**Problem description:** Scan the records below for the line with "The video shows" and the line with "Now the sixth". Repeat those two lines and every line between them exactly, and nothing else.

**Exercise inputs:**
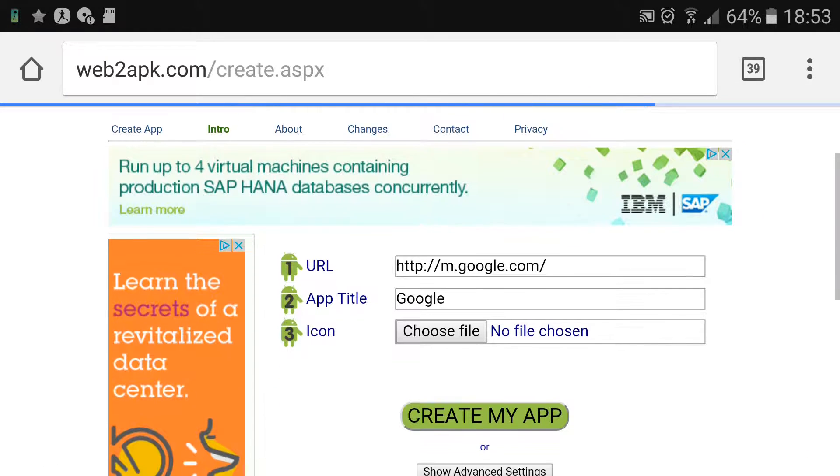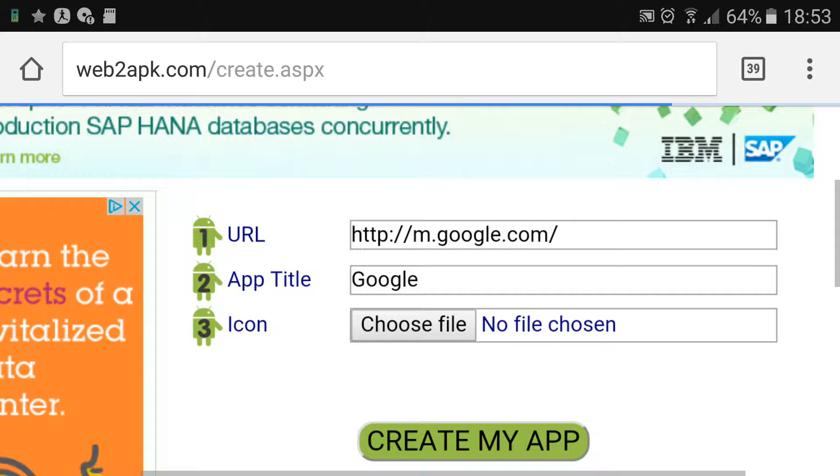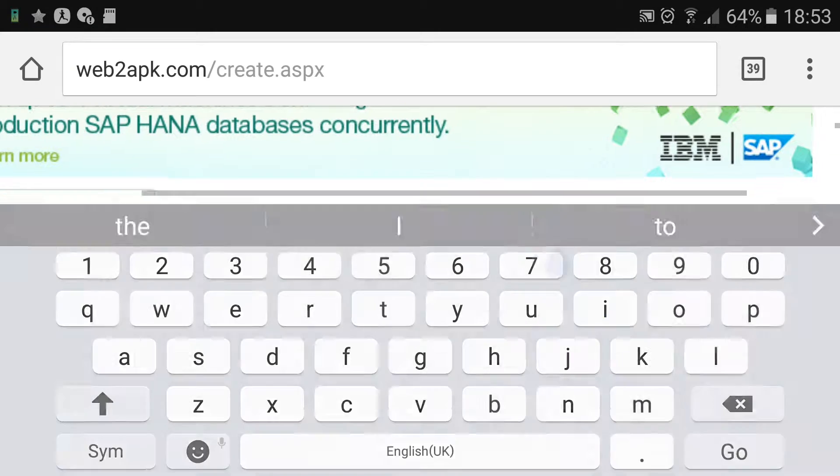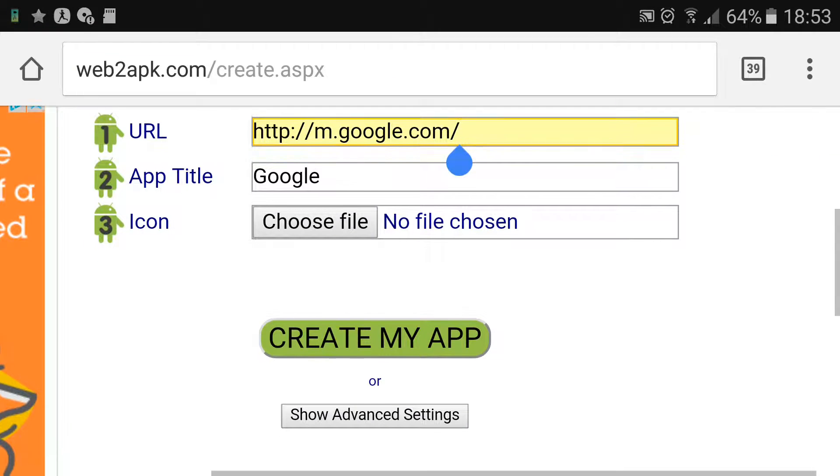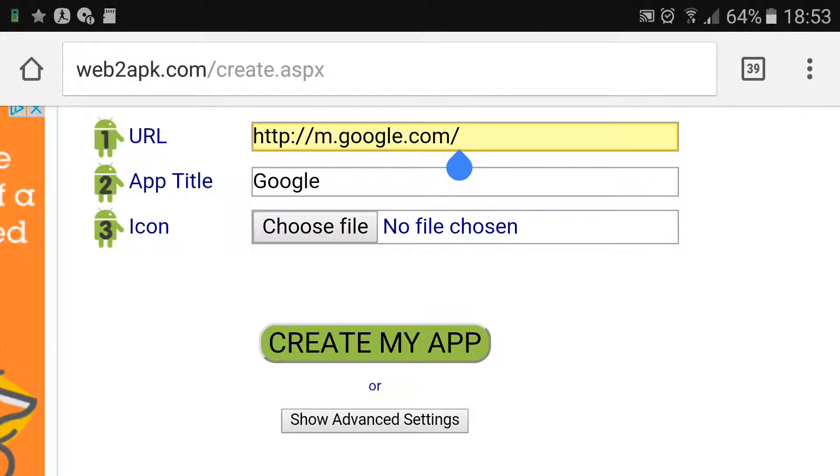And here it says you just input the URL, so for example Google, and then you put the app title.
--
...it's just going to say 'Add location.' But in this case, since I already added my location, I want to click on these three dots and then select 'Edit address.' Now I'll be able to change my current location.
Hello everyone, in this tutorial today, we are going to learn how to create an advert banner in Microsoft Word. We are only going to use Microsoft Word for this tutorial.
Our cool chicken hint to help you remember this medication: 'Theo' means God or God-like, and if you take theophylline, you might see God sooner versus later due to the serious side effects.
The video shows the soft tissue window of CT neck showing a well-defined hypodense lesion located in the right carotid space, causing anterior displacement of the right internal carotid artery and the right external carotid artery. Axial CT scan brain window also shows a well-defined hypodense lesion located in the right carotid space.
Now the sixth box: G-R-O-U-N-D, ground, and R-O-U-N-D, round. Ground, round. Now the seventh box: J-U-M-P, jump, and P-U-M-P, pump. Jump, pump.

**Problem solution:**
The video shows the soft tissue window of CT neck showing a well-defined hypodense lesion located in the right carotid space, causing anterior displacement of the right internal carotid artery and the right external carotid artery. Axial CT scan brain window also shows a well-defined hypodense lesion located in the right carotid space.
Now the sixth box: G-R-O-U-N-D, ground, and R-O-U-N-D, round. Ground, round. Now the seventh box: J-U-M-P, jump, and P-U-M-P, pump. Jump, pump.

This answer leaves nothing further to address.